INVERSI.ID – Kementerian Pendidikan Dasar dan Menengah (Kemendikdasmen) menegaskan tidak mempermasalahkan adanya perbedaan bobot nilai Tes Kemampuan Akademik (TKA) pada jalur prestasi Sistem Penerimaan Murid Baru (SPMB) di setiap daerah.
Pemerintah pusat memberikan keleluasaan kepada pemerintah daerah untuk menentukan proporsi penggunaan nilai TKA selama penerapannya tetap mengedepankan prinsip keadilan dalam proses penerimaan siswa baru.
Direktur Jenderal Pendidikan Anak Usia Dini, Pendidikan Dasar, dan Pendidikan Nonformal dan Informal Kemendikdasmen, Gogot Suharwoto, menjelaskan bahwa kebijakan tersebut sudah diatur dalam Permendikdasmen Nomor 3 Tahun 2026 tentang SPMB dan Permendikdasmen Nomor 9 Tahun 2025 tentang TKA.
“Jalur prestasi kan ada dua, akademik dan non akademik. Akademik itu juga ada dua, rapor dan TKA. Ada daerah yang melakukan tes tambahan, silakan. Yang penting jangan sampai mencederai prinsip keadilan makanya bobot TKA juga bermacam-macam,” kata Gogot usai kegiatan Penandatanganan Komitmen Bersama SPMB Ramah di Plaza Insan Berprestasi, Gedung A Kemendikdasmen, Jakarta, Kamis.

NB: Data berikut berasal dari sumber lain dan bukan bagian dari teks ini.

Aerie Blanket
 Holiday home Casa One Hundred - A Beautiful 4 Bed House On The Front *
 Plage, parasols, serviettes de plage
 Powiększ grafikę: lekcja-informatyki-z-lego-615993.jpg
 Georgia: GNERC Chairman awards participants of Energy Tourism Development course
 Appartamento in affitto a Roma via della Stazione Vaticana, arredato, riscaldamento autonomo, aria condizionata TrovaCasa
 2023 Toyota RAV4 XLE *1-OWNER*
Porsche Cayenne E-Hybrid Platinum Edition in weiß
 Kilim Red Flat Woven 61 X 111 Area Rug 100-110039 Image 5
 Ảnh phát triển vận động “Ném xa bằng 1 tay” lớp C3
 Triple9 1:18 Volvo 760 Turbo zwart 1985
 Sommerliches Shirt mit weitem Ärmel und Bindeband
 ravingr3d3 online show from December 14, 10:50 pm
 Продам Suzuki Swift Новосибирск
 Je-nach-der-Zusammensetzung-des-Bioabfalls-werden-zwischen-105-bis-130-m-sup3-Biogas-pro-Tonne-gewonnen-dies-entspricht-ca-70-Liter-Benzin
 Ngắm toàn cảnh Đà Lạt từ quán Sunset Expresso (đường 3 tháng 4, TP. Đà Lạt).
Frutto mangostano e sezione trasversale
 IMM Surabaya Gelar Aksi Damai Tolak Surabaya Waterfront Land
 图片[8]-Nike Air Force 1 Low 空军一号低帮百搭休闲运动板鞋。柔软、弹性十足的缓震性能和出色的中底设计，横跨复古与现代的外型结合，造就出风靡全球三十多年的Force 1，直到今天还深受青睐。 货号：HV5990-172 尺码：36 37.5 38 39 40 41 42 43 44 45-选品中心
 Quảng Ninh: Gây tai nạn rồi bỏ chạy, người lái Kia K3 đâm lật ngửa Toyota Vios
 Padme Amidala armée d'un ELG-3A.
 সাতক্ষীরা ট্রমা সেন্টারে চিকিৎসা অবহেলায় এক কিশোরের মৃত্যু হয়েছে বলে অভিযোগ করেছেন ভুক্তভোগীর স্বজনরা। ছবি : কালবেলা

Menurut Gogot, TKA merupakan instrumen penilaian akademik yang diselenggarakan pemerintah pusat secara terstandar, objektif, dan kredibel untuk mengukur capaian belajar siswa di jenjang pendidikan dasar maupun menengah.
Ia mengungkapkan, berdasarkan hasil pemantauan Kemendikdasmen, terdapat sejumlah daerah yang memberikan bobot nilai TKA hingga 80 persen pada jalur prestasi SPMB. Namun, ada pula wilayah yang hanya menetapkan proporsi 50 persen dan mengombinasikannya dengan nilai rapor.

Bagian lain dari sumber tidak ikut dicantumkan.